[SOURCE DATA]

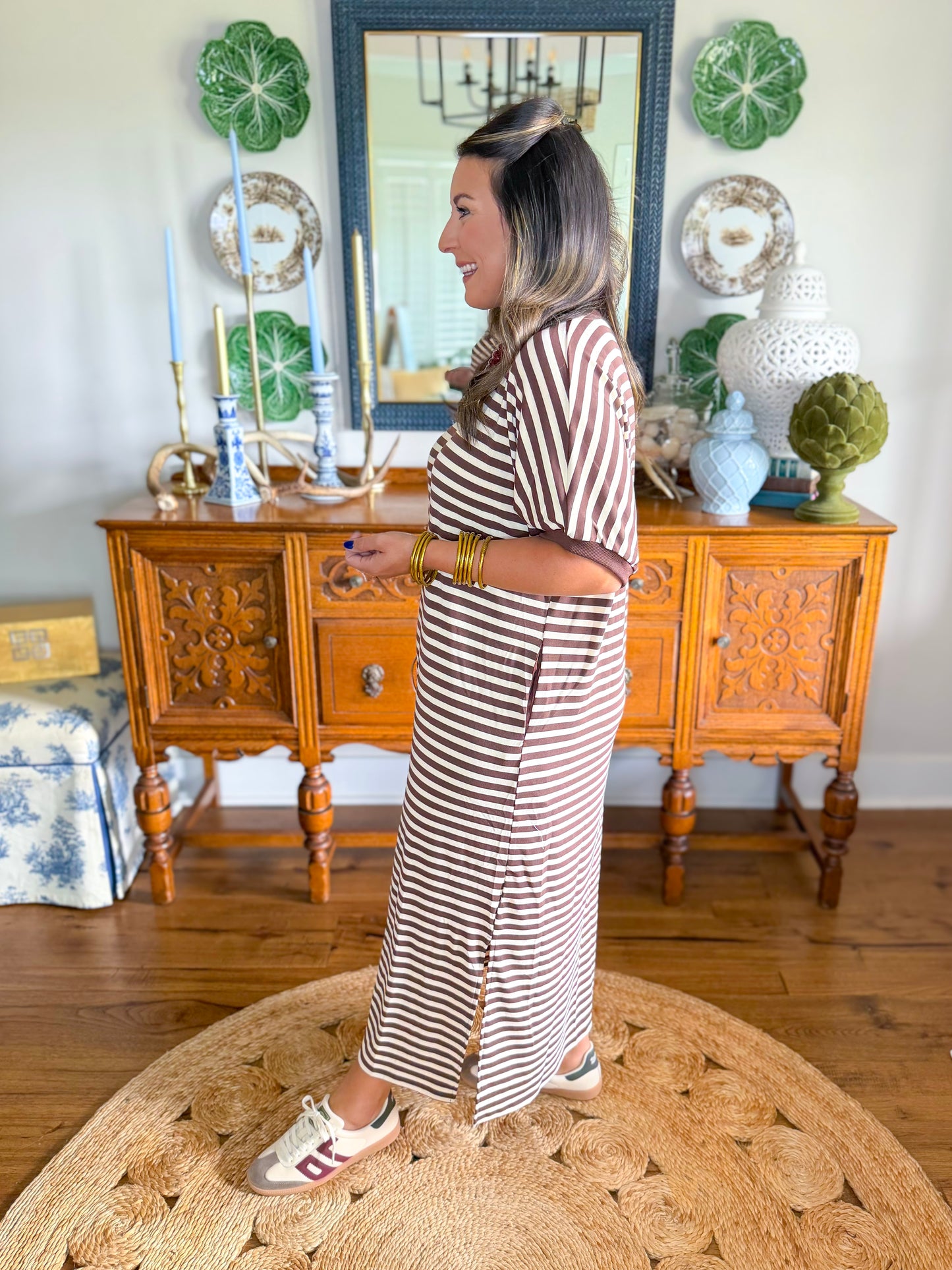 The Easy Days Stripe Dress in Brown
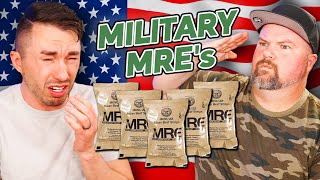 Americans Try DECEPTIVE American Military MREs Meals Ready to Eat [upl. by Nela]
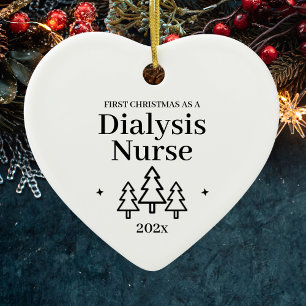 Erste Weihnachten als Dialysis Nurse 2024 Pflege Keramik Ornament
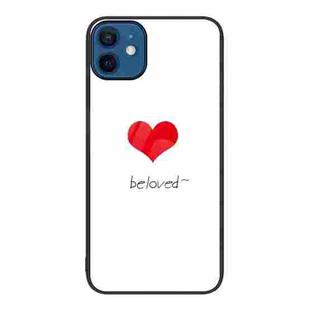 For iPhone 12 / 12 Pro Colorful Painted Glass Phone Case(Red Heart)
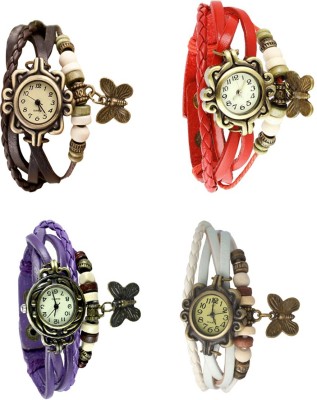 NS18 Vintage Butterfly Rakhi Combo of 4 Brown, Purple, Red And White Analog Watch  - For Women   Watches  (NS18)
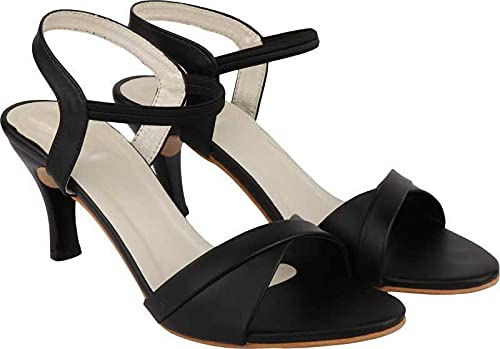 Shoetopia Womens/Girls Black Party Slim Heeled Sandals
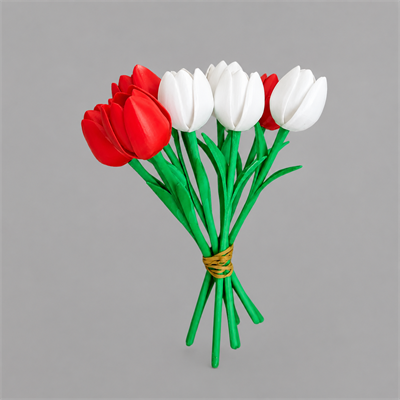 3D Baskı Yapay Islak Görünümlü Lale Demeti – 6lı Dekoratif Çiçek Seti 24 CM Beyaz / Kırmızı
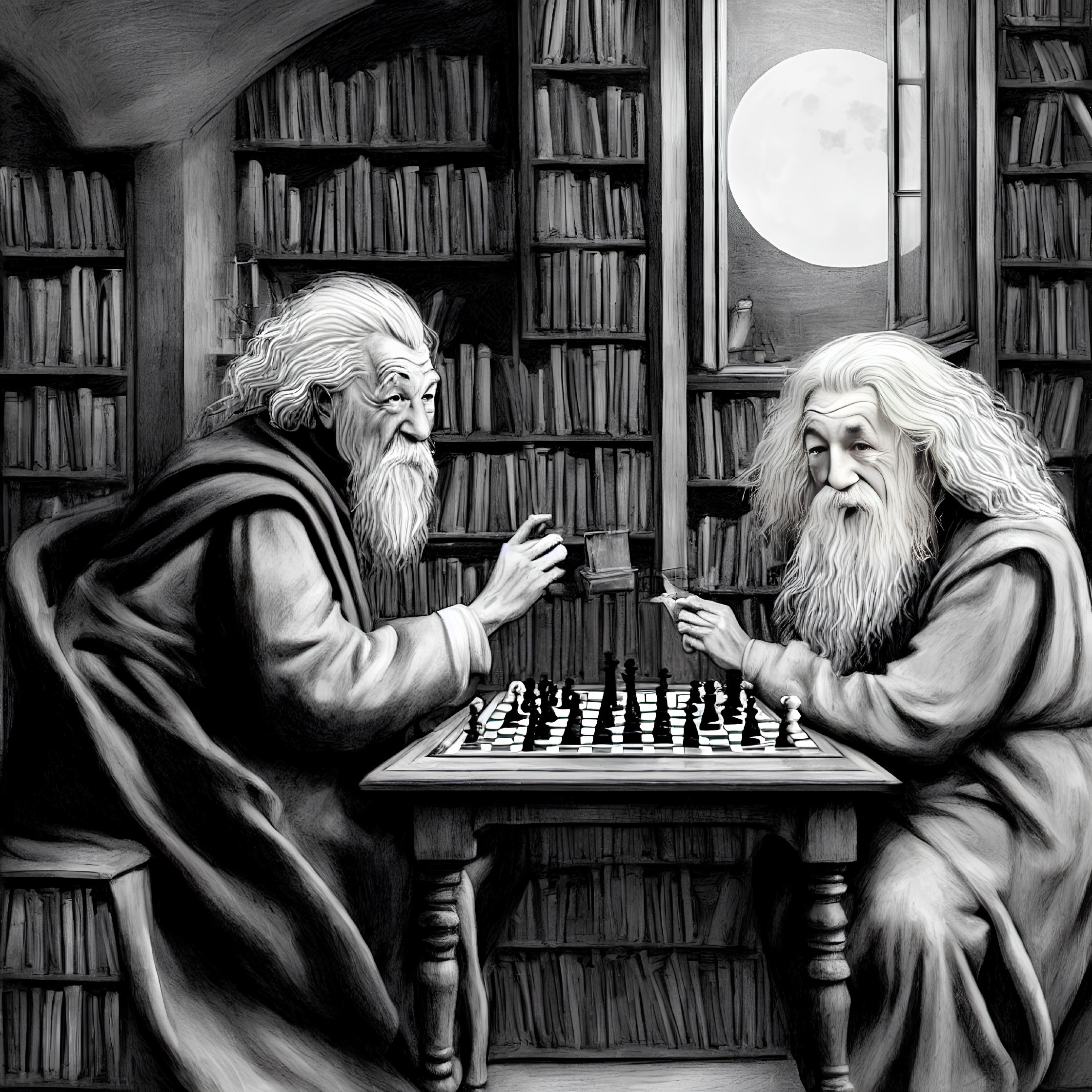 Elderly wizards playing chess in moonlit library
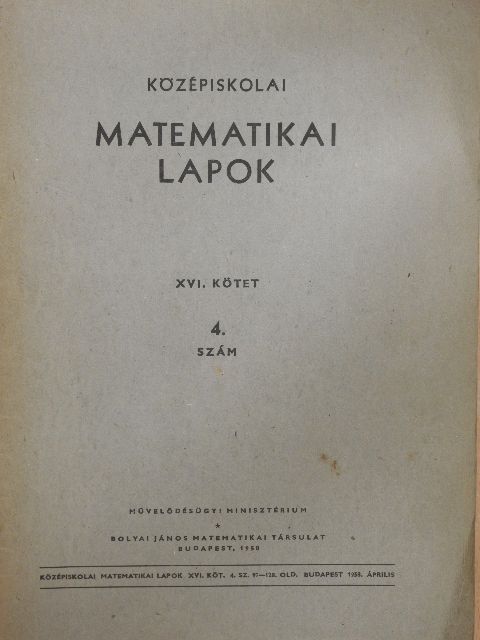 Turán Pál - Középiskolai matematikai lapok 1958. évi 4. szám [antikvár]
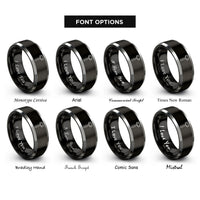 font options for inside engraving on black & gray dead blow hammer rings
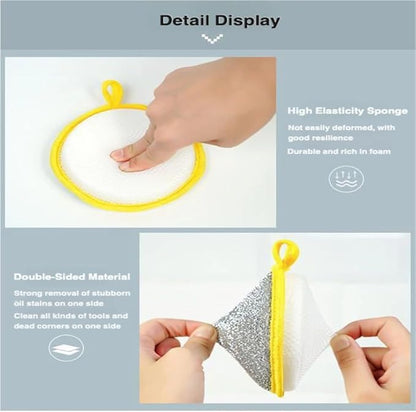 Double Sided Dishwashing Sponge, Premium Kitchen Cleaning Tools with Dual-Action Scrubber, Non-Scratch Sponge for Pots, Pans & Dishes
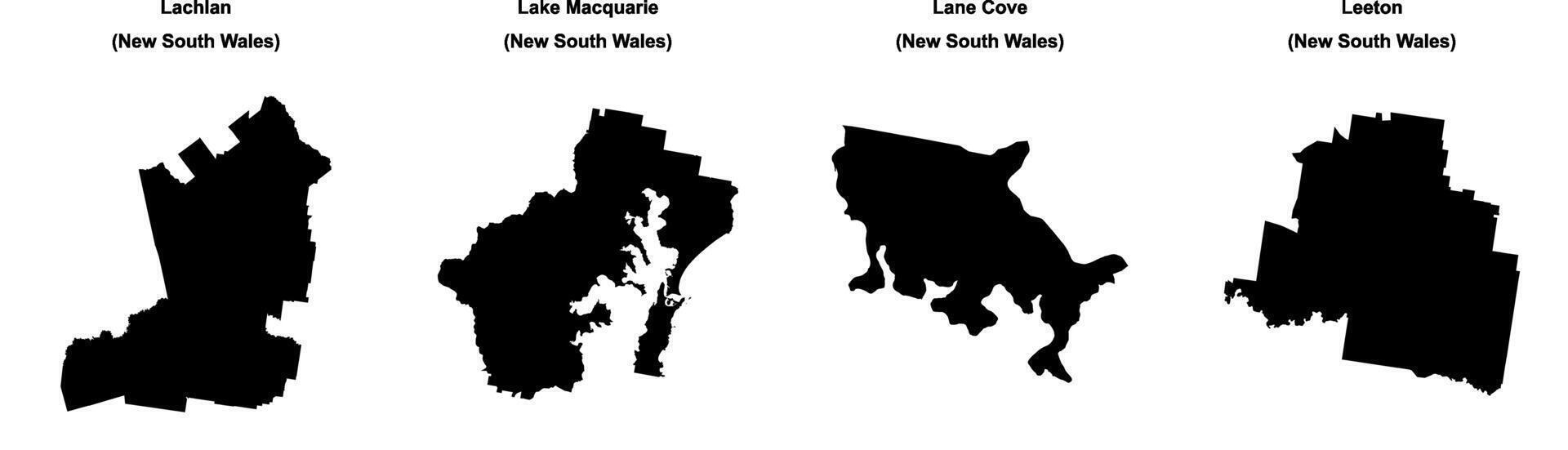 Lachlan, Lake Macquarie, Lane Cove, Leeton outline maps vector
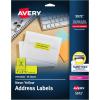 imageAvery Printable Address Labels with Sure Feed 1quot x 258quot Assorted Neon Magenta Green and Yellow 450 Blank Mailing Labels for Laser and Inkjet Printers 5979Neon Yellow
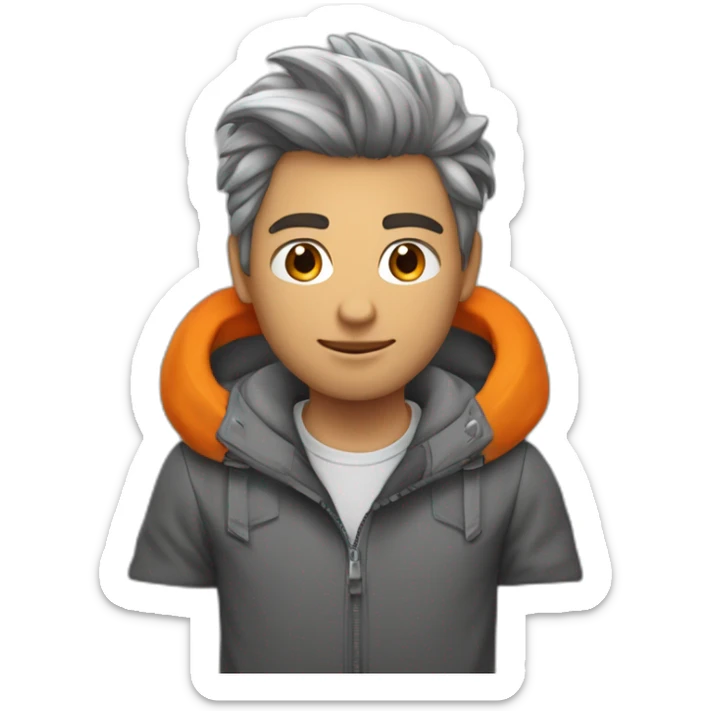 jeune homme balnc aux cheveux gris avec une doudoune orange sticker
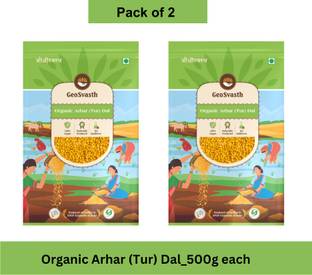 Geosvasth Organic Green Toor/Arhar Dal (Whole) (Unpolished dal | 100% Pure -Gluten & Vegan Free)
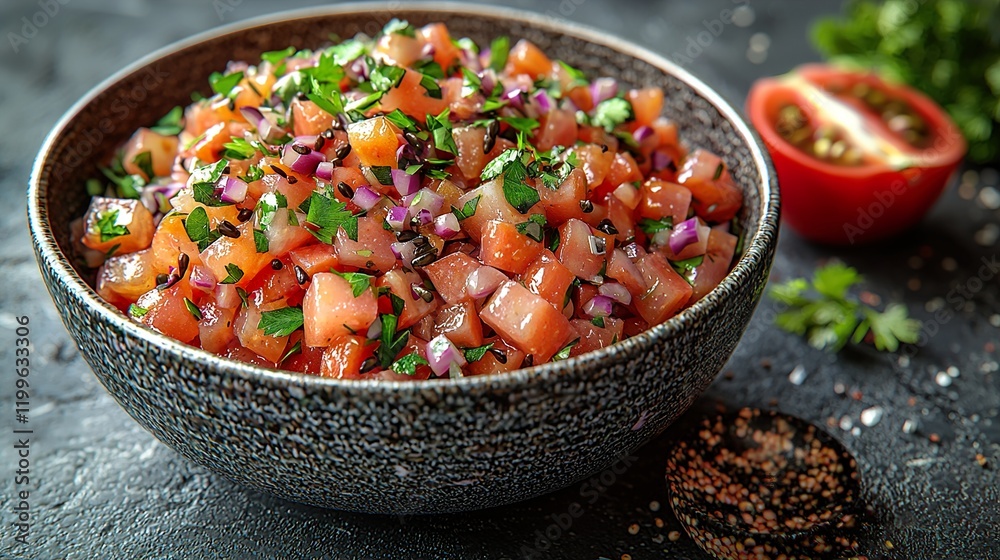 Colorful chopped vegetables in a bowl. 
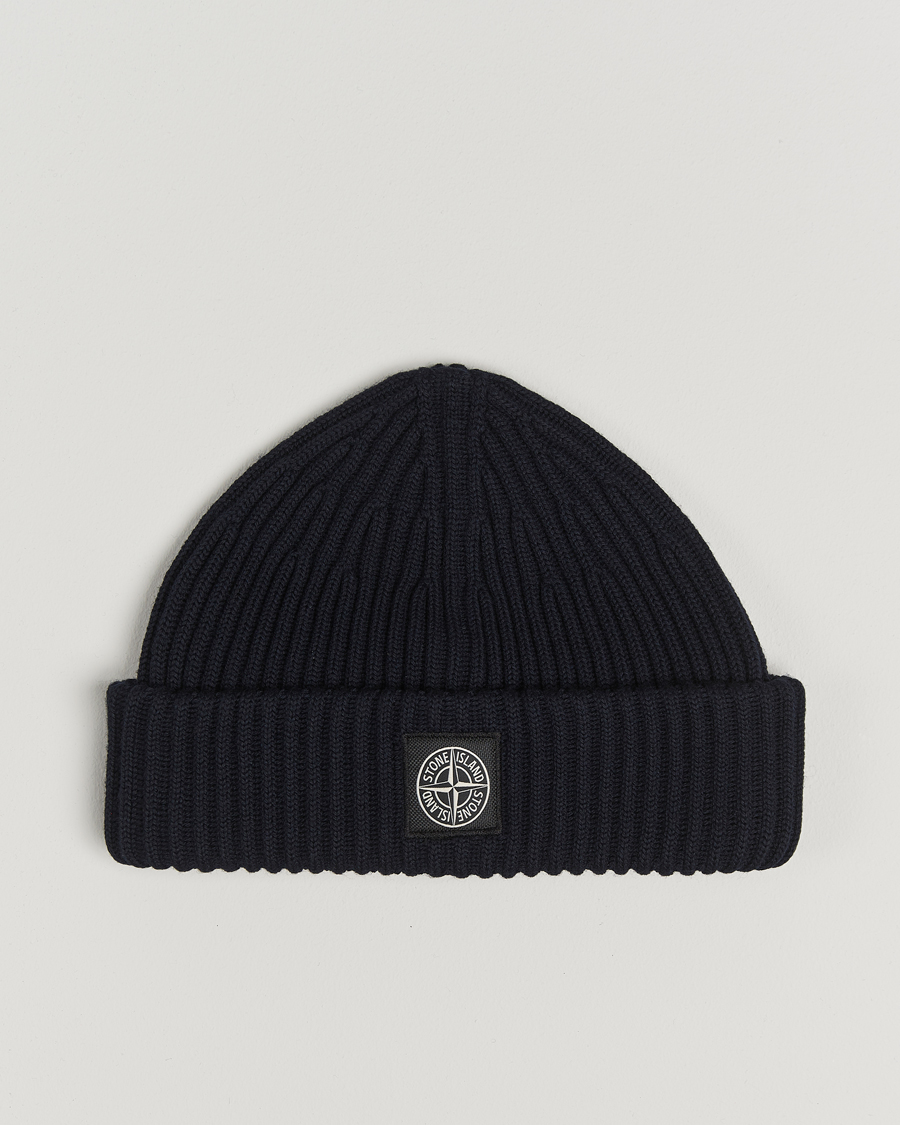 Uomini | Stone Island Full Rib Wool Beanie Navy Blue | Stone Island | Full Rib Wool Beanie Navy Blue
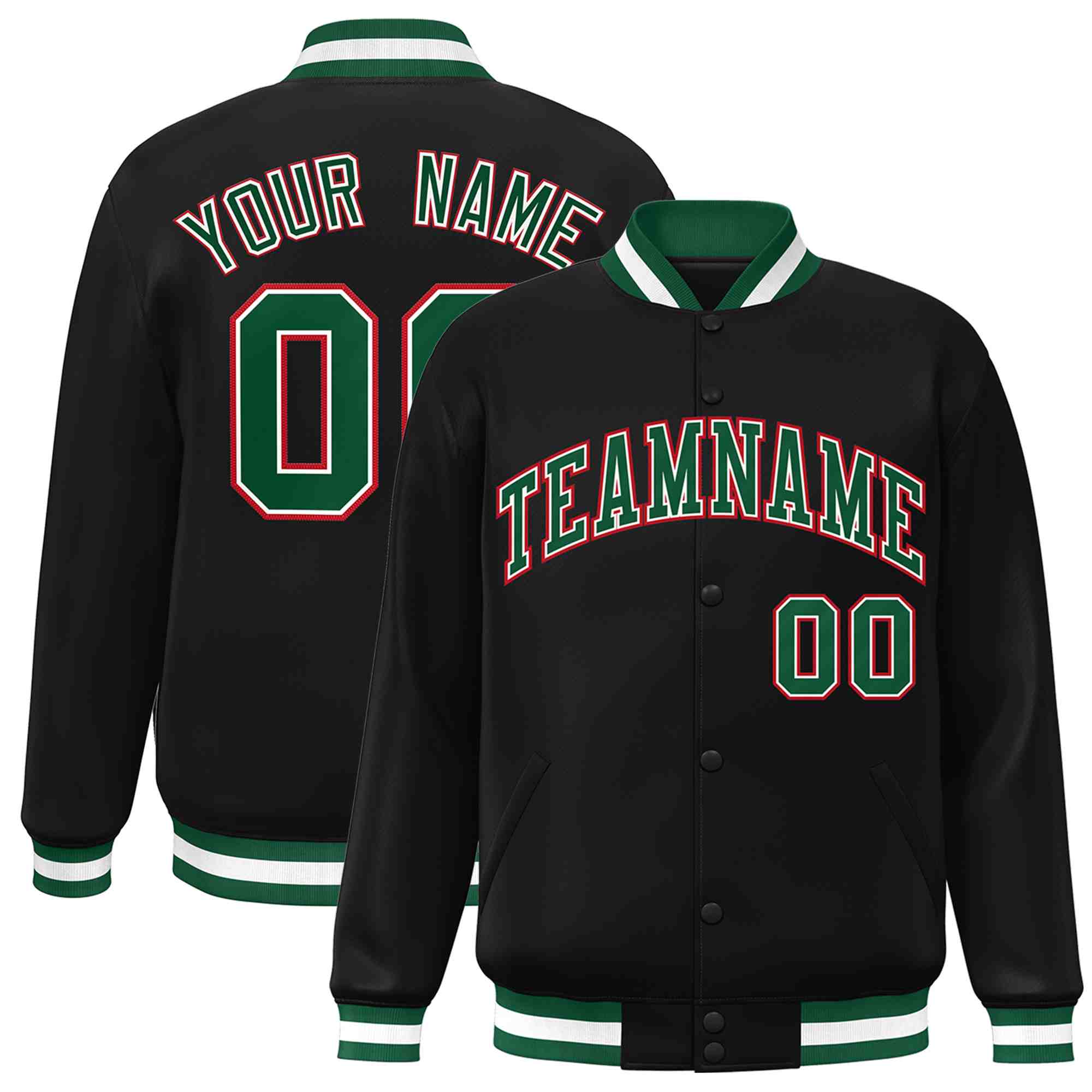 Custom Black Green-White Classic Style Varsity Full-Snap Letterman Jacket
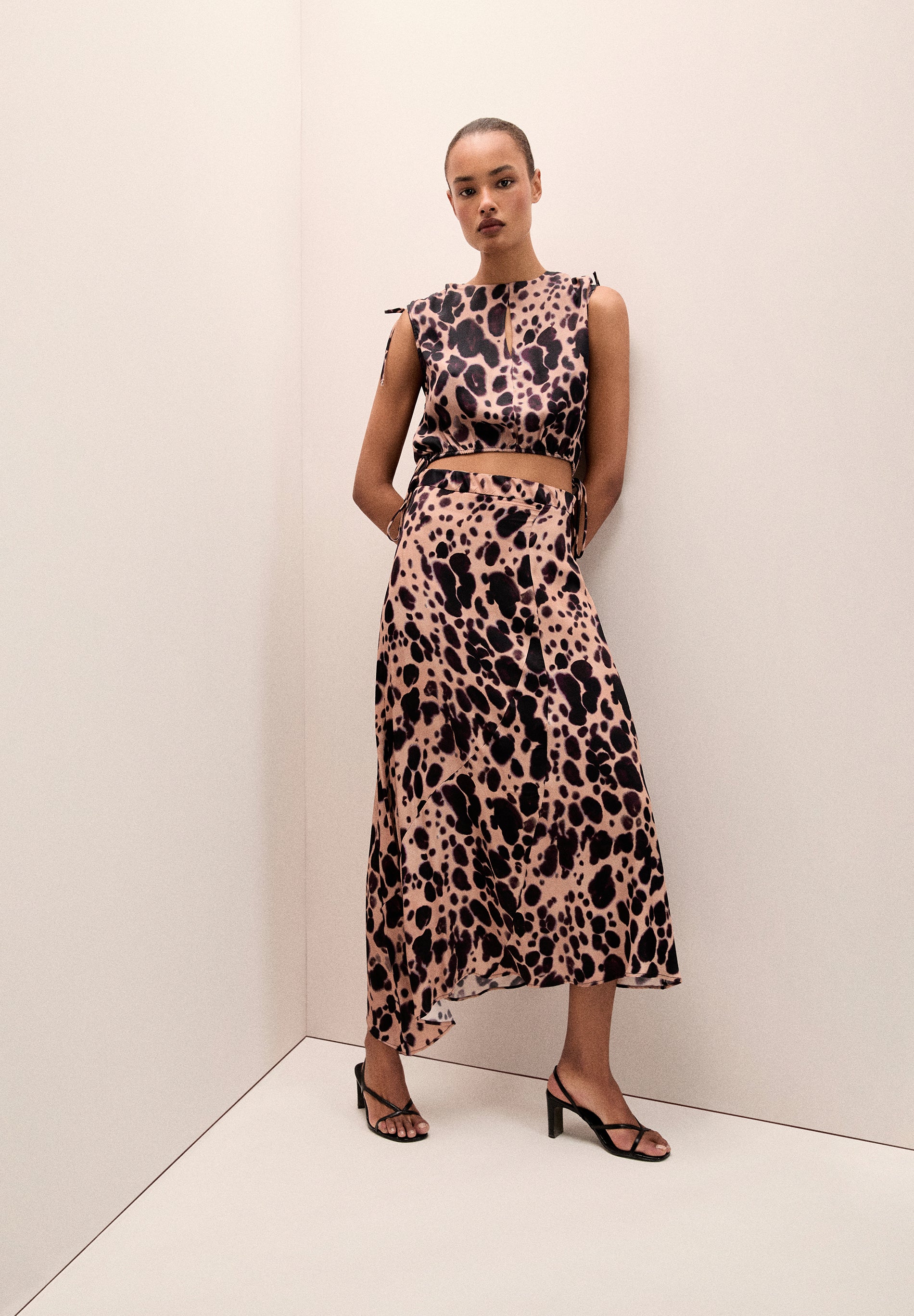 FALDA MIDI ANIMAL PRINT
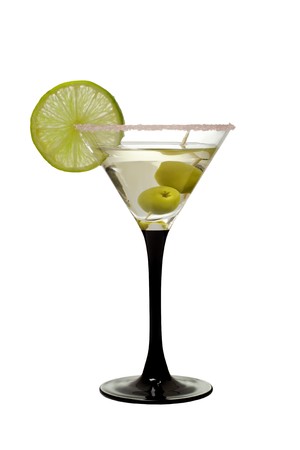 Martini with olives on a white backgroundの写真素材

[/SOURCE DATA]

Please transcribe, word for word, every line from the one containing "Geosvasth Organic Green" through the last line of the records, both included, and leave the pictures out.

 Geosvasth Organic Green Toor/Arhar Dal (Whole) (Unpolished dal | 100% Pure -Gluten & Vegan Free)
 Colorful chopped vegetables in a bowl. 
 Uomini | Stone Island Full Rib Wool Beanie Navy Blue | Stone Island | Full Rib Wool Beanie Navy Blue
 Custom Black Green-White Classic Style Varsity Full-Snap Letterman Jacket
 FALDA MIDI ANIMAL PRINT
 Martini with olives on a white backgroundの写真素材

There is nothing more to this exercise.